Lawmakers across dozens of states are attacking the health and well-being of transgender individuals by introducing bills that encourage bias, reinforce stigma, and impose new barriers to health care. These measures -- some under consideration and some enacted -- run counter to longstanding AMA policy that opposes discrimination based on a person's gender or gender identity.
Even as we work to defeat a global pandemic, it is maddening that more states than ever before are considering legislative proposals that would directly harm transgender patients while promoting government intrusion into the patient-physician relationship, jeopardizing patient care, trust, and privacy.
The AMA is fighting dozens of regressive proposals to limit transgender rights that have been introduced or advanced in some 30 states. The most grievous are bills that seek to criminalize the provision of medically necessary gender-transition care to patients who are minors, and in some states, to treat the delivery of such care as child abuse.
This is wrong. Decisions about courses of treatment and other aspects of medical care should always be made within the sanctity of the patient-physician relationship. No state should legislatively prohibit certain transition-related services, nor limit the range of options physicians and families may consider in making decisions for pediatric patients.
A measure enacted in Arkansas this spring bans all "gender transition procedures" including (but not limited to) hormone therapy, puberty-delaying medications and surgeries for transgender youth under age 18; physicians who do so can be stripped of their medical licenses. Meanwhile, lawmakers in 18 states are targeting gender-affirming surgical interventions as well as medications and hormone therapies that should be available to transgender patients based on care decisions made in consultation with their physicians.
Other legislative proposals in multiple states seek to ban transgender women and girls from participating in school athletics consistent with their gender identity, or to prohibit transgender individuals who are minors from participating in any type of youth athletics. Measures pending in some states would require a health care provider to "verify" a student's gender before allowing athletic participation.

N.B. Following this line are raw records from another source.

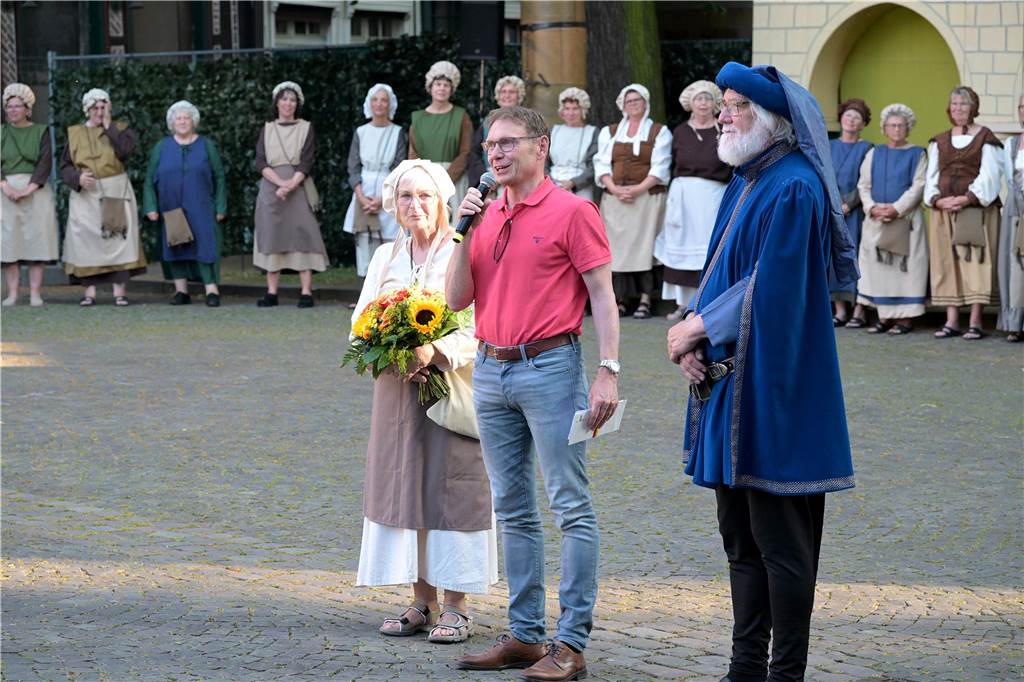 Werne 1622: In mehreren Episoden wurde den circa 500 Zuschauern über zwei Stunden die Ereignisse rund um die Rettung der Lippestadt im Mittelaltern nahe gebracht. Am Ende gab es stehenden Applaus.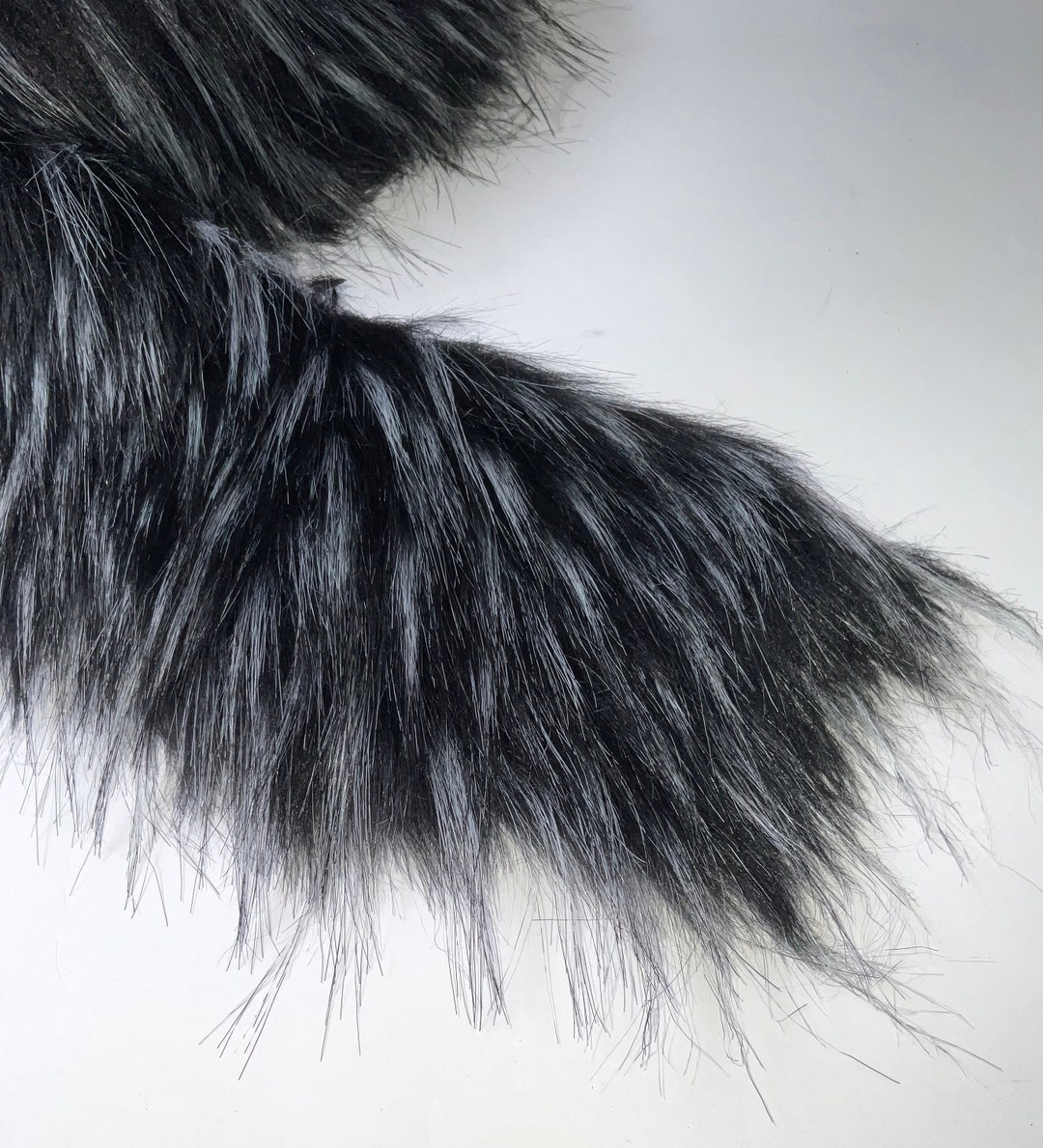 Black & White Faux Fur Trim: Luxury Animal Style, 3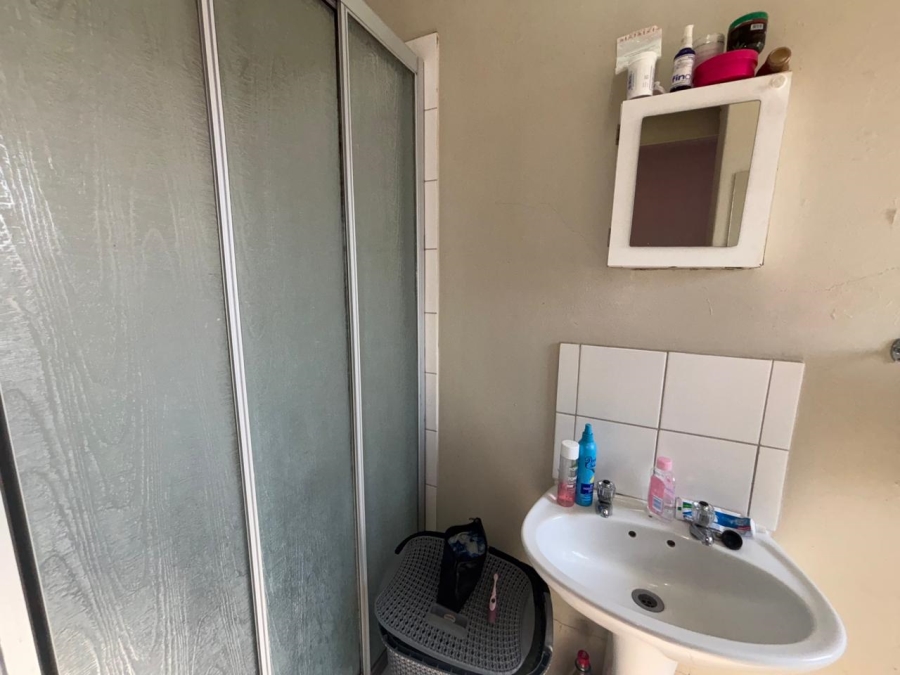 1 Bedroom Property for Sale in Willows Free State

Actions like these intensify the discrimination, harassment, and outright violence directed toward the estimated 1.4 million adults and 150,000 teenagers in our nation who identify as transgender or as gender expansive, which means they identify with neither traditional binary gender roles nor a single gender narrative or experience. The challenges confronting these individuals in nearly every facet of everyday life -- education, employment, health care, social services, and more -- can create stress that severely impacts their health.
Because of this marginalization, studies have shown that transgender individuals report or are diagnosed with mental health disorders at a rate up to three times higher than the general population, and that their risk of suicidal thoughts and behavior is markedly higher. At the same time, their physical health is endangered when they are denied insurance coverage for care related to their transgender status. Individuals with additional historically marginalized identities feel this pain in an intersectional way. For example, transgender Black women suffer not only the sting of anti-LGBTQ discrimination and violence, but also the health and social impacts of systemic racism.
Rather than embarking upon discriminatory and damaging legislation, the AMA believes we must instead broaden access to gender-affirming care and the treatment of gender dysphoria. This will improve health outcomes for transgender people, and provide them with the opportunity to live fully and openly in accordance with their true gender identity. We are not alone in advocating for this approach, as every major medical association in the nation recognizes the medical necessity of transition-related care to improve the physical and mental health of transgender people.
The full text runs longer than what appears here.